Haben Menschen einen Anhang mit dabei, bekommt man regelmäßig einen Einblick in eine sehr besondere Beziehungskiste. Ich benutze den Begriff Anhang absichtlich despektierlich, habe es dabei aber nicht auf Kinder, Le­bens­ge­fähr­t:in­nen oder Haustiere abgesehen. Nein, es geht um so dingliche Begleiter wie elektrische Kühlboxen, Massagetrommeln oder heute: E-Bikes.

Wenn man als Städter das Rad jahrzehntelang als banales Alltagsfortbewegungsmittel genutzt hat, muss man auf dem Land komplett neu denken. Sich auf ein Zweirad zu setzen, mit oder ohne Elektromotor, ist hier etwas Außergewöhnliches, und eine gefahrengeneigte Tätigkeit. Das macht man nur mit Funktions- oder Sicherheitskleidung. Wer glaubte, er habe im urbanen Milieu von der Fußspitze bis zum Scheitel sämtliche Möglichkeiten gesehen, den Körper mit Neonfarben zu bedecken, sollte einen Abstecher nach Unterfranken machen. Ist man hier auf der Landstraße unterwegs, muss man nicht nur vor querendem Wild auf der Hut sein. Es können auch breit reflektierende giftgelbe Männchen auftauchen.

Sind die E-Bike-Reisenden dann sicher bei uns angekommen, nimmt ihr Gefahrenbewusstsein aber nicht etwa ab. Es verlagert sich, nämlich auf das Gefährt selbst. Das braucht einen trockenen und geschützten Platz. Zwar leben wir auf dem Land, wo die Menschen selten die Haustür absperren, doch als Wirt habe ich gelernt: Für den E-Bike-Reisenden hält man dennoch lieber eine abschließbare Garage vor. Und darin Vorrichtungen, um das Gefährt anzuschließen und bequem aufzuladen.

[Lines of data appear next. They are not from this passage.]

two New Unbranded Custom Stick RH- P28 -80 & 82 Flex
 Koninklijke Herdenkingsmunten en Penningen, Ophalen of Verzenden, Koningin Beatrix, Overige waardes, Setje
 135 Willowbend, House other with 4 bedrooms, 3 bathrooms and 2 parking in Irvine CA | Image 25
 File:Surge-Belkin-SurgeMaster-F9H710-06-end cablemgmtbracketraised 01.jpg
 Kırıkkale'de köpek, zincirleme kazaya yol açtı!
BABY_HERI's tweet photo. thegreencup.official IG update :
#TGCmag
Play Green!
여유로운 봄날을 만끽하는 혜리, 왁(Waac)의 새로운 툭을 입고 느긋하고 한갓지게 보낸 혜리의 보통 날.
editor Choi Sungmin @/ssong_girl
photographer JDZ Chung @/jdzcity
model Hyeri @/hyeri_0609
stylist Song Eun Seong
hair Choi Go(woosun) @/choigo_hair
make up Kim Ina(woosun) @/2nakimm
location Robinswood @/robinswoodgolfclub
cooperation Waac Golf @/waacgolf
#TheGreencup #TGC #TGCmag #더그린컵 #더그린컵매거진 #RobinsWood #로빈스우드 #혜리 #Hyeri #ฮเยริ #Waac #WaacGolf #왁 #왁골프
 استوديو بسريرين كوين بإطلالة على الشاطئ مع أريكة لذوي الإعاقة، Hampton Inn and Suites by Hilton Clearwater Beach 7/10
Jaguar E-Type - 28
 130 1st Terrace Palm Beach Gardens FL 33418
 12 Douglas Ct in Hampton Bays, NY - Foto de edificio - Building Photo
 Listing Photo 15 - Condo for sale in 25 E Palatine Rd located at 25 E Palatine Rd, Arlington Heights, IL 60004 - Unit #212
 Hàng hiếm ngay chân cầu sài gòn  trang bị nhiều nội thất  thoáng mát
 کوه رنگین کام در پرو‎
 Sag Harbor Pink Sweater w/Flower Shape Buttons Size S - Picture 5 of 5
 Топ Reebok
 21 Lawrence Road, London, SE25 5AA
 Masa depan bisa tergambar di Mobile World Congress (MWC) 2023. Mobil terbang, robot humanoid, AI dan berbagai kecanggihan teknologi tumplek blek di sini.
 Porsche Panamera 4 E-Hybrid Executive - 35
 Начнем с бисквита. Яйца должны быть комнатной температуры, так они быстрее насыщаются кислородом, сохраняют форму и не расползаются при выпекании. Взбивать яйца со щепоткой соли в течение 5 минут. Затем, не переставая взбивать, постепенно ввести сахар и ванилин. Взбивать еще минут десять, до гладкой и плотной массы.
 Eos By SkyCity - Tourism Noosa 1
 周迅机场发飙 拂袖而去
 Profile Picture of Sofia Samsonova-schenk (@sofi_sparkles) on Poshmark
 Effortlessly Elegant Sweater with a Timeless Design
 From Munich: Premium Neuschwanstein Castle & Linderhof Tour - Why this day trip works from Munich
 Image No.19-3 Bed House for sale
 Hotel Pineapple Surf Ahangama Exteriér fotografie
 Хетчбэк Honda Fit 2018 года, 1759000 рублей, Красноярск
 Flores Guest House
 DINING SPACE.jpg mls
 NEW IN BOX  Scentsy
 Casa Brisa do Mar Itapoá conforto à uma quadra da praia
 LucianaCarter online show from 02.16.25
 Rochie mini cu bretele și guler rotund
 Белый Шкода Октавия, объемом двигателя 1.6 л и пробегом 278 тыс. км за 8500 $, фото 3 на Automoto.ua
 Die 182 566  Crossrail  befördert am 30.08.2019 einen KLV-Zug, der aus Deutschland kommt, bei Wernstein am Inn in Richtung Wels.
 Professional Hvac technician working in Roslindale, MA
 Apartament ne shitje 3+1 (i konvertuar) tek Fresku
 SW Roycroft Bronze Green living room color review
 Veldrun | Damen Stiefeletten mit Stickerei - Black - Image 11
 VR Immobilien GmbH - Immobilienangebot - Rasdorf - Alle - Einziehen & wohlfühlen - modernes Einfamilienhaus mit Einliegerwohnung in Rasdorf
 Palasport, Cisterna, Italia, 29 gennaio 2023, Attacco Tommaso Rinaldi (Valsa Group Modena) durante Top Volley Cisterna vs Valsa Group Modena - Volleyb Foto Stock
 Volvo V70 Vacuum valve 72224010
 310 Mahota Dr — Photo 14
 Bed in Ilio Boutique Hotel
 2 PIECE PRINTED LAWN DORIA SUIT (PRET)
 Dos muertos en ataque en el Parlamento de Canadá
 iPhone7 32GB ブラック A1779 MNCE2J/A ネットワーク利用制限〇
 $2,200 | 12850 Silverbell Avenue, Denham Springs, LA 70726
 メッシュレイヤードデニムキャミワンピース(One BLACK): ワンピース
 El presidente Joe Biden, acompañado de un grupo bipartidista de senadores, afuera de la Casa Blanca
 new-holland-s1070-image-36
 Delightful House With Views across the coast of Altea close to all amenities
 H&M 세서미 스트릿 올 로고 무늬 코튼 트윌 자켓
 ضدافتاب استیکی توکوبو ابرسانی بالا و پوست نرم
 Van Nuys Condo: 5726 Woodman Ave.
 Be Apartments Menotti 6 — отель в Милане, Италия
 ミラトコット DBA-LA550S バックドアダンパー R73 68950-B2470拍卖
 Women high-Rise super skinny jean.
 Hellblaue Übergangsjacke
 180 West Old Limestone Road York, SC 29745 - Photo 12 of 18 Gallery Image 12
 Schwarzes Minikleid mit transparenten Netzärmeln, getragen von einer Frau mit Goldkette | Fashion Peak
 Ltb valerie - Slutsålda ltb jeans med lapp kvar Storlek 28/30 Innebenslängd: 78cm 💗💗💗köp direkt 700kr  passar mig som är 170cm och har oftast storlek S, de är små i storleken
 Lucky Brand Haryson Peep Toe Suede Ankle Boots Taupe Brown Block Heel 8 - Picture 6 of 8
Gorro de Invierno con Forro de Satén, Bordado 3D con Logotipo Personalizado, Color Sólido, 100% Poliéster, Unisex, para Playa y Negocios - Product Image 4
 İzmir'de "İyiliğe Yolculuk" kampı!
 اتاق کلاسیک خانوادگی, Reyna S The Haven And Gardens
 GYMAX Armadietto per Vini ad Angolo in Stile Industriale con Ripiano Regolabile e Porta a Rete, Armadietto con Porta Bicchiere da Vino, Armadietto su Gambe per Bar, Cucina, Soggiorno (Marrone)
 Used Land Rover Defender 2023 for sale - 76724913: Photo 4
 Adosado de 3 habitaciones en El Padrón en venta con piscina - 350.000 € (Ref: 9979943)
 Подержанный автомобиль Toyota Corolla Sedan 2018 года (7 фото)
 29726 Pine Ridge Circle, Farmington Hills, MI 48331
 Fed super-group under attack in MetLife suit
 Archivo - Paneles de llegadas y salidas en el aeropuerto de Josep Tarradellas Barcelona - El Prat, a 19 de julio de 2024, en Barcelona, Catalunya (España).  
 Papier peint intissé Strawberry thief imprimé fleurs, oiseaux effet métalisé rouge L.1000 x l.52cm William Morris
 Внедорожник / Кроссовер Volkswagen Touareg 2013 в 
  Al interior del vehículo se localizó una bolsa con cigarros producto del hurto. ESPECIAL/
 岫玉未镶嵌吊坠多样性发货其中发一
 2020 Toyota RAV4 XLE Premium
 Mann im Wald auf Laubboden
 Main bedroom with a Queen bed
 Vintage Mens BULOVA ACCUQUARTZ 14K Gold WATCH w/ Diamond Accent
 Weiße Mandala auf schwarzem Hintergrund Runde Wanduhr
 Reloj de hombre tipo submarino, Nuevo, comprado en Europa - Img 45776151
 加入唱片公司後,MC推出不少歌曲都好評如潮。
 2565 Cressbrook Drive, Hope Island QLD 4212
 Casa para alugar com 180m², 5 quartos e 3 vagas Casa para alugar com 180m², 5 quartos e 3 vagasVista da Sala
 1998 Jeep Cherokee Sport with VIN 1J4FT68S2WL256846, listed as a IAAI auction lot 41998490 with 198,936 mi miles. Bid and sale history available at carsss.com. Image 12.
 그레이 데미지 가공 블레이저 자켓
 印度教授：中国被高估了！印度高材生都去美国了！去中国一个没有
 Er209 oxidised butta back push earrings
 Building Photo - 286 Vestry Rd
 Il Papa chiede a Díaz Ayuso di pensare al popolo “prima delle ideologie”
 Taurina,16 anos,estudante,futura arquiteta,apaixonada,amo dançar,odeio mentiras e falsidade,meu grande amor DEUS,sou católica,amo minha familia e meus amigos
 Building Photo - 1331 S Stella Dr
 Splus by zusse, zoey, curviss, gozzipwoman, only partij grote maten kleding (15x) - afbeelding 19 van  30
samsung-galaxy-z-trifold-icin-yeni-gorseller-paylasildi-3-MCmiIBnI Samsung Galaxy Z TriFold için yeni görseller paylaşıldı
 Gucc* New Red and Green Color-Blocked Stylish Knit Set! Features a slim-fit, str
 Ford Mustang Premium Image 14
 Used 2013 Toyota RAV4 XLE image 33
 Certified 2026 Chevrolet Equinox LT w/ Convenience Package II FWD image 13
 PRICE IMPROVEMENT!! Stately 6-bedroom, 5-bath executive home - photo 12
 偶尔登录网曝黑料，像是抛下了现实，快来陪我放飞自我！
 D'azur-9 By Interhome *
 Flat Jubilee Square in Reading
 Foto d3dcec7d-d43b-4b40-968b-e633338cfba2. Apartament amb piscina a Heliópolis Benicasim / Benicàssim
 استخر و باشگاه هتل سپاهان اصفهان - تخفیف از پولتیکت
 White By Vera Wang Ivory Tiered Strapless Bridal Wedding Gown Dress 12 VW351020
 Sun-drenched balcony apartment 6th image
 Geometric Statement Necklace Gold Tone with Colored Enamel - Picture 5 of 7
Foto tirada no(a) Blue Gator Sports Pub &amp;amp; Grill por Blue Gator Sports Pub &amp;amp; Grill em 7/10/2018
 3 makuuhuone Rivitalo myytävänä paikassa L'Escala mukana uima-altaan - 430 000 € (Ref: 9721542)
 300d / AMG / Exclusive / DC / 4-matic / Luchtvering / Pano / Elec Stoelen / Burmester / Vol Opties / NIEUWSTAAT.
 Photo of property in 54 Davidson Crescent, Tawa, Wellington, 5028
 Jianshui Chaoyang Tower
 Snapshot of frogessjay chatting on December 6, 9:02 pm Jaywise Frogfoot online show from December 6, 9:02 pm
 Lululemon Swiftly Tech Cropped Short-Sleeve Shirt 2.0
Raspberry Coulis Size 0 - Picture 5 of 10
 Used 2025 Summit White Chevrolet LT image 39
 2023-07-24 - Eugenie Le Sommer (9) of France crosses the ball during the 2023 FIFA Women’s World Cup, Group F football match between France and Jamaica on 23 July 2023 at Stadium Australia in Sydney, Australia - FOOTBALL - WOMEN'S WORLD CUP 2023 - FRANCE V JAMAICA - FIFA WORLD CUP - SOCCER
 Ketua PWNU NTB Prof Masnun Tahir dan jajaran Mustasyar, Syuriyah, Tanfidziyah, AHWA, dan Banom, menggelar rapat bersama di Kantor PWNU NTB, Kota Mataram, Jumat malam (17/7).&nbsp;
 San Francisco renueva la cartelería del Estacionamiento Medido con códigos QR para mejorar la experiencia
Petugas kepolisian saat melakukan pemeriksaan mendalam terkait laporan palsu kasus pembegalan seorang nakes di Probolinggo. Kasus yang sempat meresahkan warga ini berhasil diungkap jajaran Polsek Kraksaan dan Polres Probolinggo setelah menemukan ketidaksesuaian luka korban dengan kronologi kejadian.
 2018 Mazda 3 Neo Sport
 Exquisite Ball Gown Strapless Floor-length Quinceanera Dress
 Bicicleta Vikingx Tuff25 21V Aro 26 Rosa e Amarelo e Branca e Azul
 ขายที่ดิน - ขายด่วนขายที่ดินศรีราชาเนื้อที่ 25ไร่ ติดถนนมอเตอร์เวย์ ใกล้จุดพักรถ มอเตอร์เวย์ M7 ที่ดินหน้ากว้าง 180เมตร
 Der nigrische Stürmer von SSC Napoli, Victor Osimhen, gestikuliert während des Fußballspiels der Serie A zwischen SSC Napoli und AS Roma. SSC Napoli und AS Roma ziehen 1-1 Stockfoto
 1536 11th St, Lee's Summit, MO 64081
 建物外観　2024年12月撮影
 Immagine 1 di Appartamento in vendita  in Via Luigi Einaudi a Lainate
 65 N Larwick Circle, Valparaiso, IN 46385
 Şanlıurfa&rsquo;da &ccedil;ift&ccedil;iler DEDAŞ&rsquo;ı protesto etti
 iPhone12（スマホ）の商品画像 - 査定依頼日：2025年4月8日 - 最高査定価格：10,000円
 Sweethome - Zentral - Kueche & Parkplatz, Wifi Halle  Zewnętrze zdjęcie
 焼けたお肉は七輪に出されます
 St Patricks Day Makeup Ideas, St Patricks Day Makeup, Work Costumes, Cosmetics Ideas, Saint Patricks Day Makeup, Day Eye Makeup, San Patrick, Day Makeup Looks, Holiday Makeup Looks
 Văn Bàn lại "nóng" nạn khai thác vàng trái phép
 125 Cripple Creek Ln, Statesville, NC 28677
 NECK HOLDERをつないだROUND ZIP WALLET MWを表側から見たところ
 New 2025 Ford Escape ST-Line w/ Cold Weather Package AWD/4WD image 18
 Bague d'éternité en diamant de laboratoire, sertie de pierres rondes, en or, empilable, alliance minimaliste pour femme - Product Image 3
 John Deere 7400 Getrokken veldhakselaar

Wir haben eine weiträumige alte Scheune, vielleicht nicht ganz staubfrei, aber trocken. Da habe ich an einem Dachpfosten eine Kabelrolle hingestellt. Nach den bisherigen Erfahrungen würde ich sagen: Es ist das Minimum, das – noch – akzeptiert wird. Vorigen Sommer bat ein Gast nach Besichtigung der Scheune, das E-Bike aufs Zimmer mitnehmen zu dürfen. „Es ist wegen meinem Ladegerät“, erklärte er. „Ich hab den Akku nachts lieber im Blick.“

Jörn Kabisch hat einen Gasthof in Franken gepachtet. Über seine Erfahrungen schreibt er alle vier Wochen an dieser Stelle.

Auch wenn ich Kol­le­g:in­nen treffe, kommt das Thema regelmäßig auf Zweiräder; gerade jetzt, da die Freiluftsaison beginnt. Tenor: Man kann vor dem Biergarten noch so schöne, große und freie Radparkplätze haben, die Gäste werden dennoch versuchen, ihr Gefährt in sicherer Reichweite zu behalten. Die Standardbegründung: „Das stört doch niemand“ (obwohl der Gang am Tisch verstopft ist), die E-Biker-Ausrede: „Draußen sollen doch nur echte Räder parken“ und die bisher armseligste Rechtfertigung: „Mein Fahrradcomputer darf nicht in der Sonne stehen“. Ein Kollege ist so abgenervt, er überlegt inzwischen, vor den Biergarten ein Drehkreuz zu installieren.